WORK TASK: Below is a listing from which only part is wanted; return exactly the lines from the one with "Malabanias Hotel |" up to and including the one with "Mulher é hospitalizada".
** MATERIAL SUPPLIED follows **
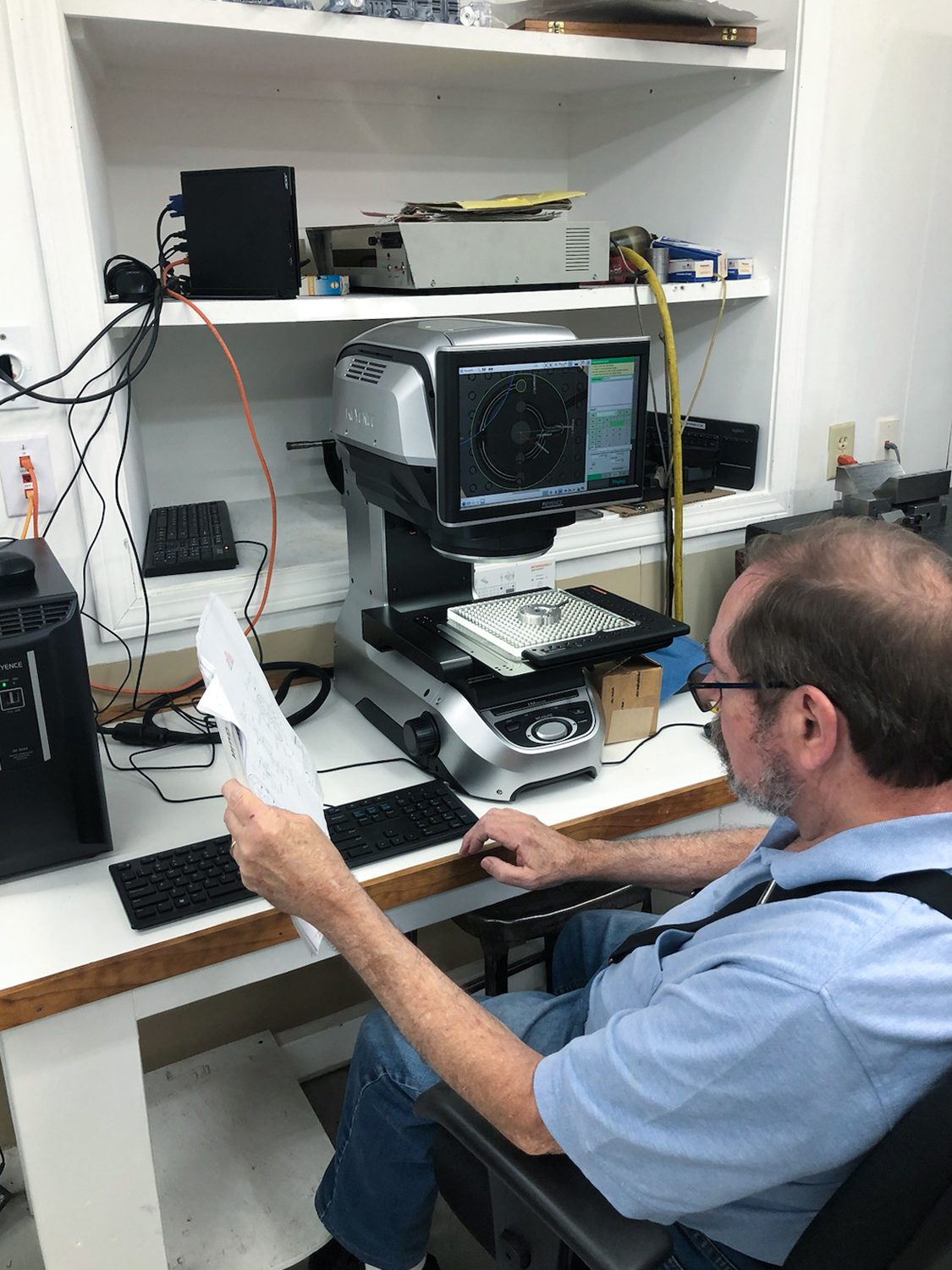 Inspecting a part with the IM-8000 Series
** End of MATERIAL SUPPLIED **
** MATERIAL SUPPLIED follows **
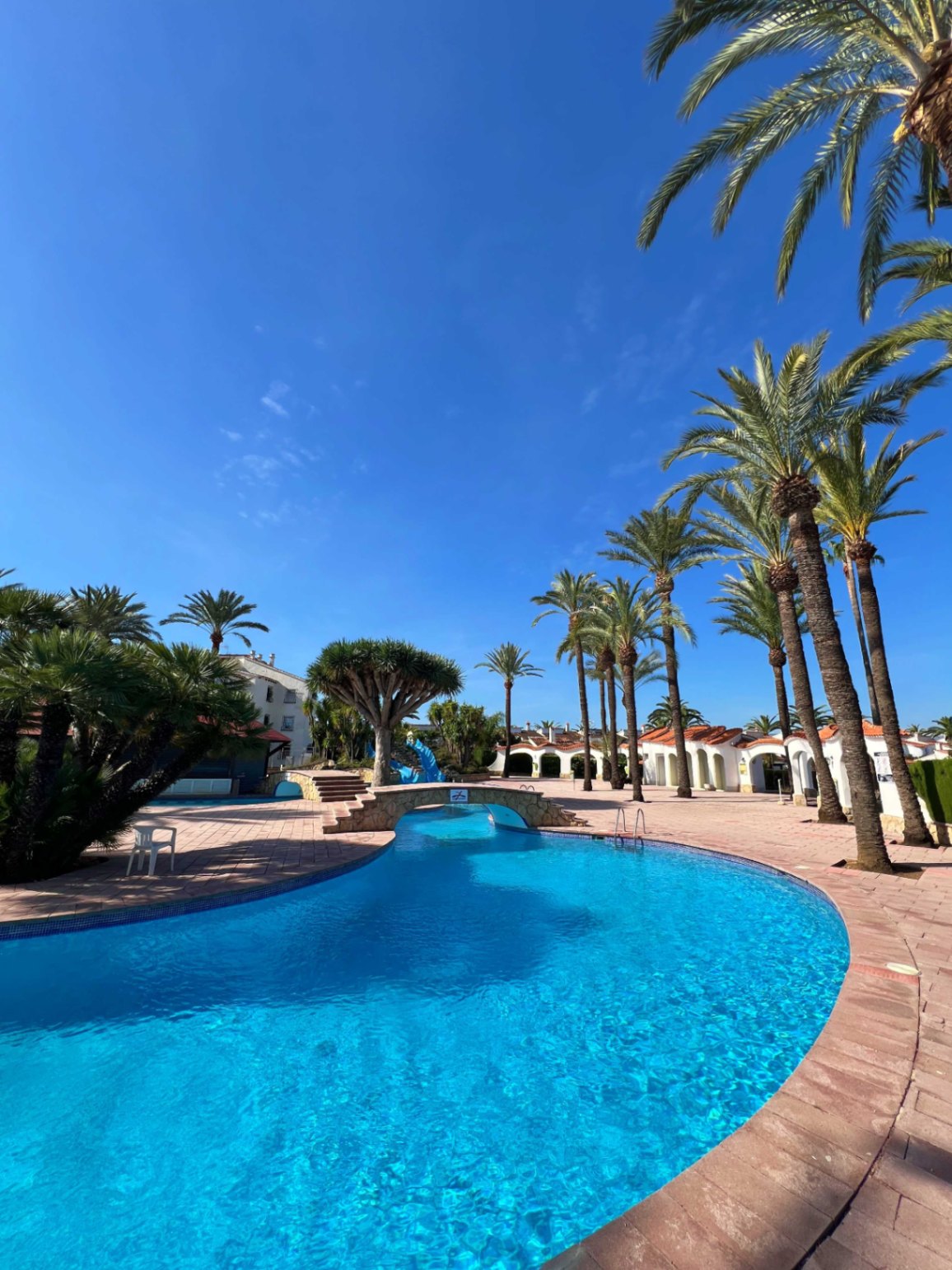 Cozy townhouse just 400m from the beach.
** End of MATERIAL SUPPLIED **
** MATERIAL SUPPLIED follows **
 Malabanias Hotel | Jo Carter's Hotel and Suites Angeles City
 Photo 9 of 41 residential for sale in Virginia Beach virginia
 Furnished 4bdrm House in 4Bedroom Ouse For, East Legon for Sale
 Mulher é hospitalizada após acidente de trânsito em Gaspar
** End of MATERIAL SUPPLIED **
COMPLETED EXERCISE:
 Malabanias Hotel | Jo Carter's Hotel and Suites Angeles City
 Photo 9 of 41 residential for sale in Virginia Beach virginia
 Furnished 4bdrm House in 4Bedroom Ouse For, East Legon for Sale
 Mulher é hospitalizada após acidente de trânsito em Gaspar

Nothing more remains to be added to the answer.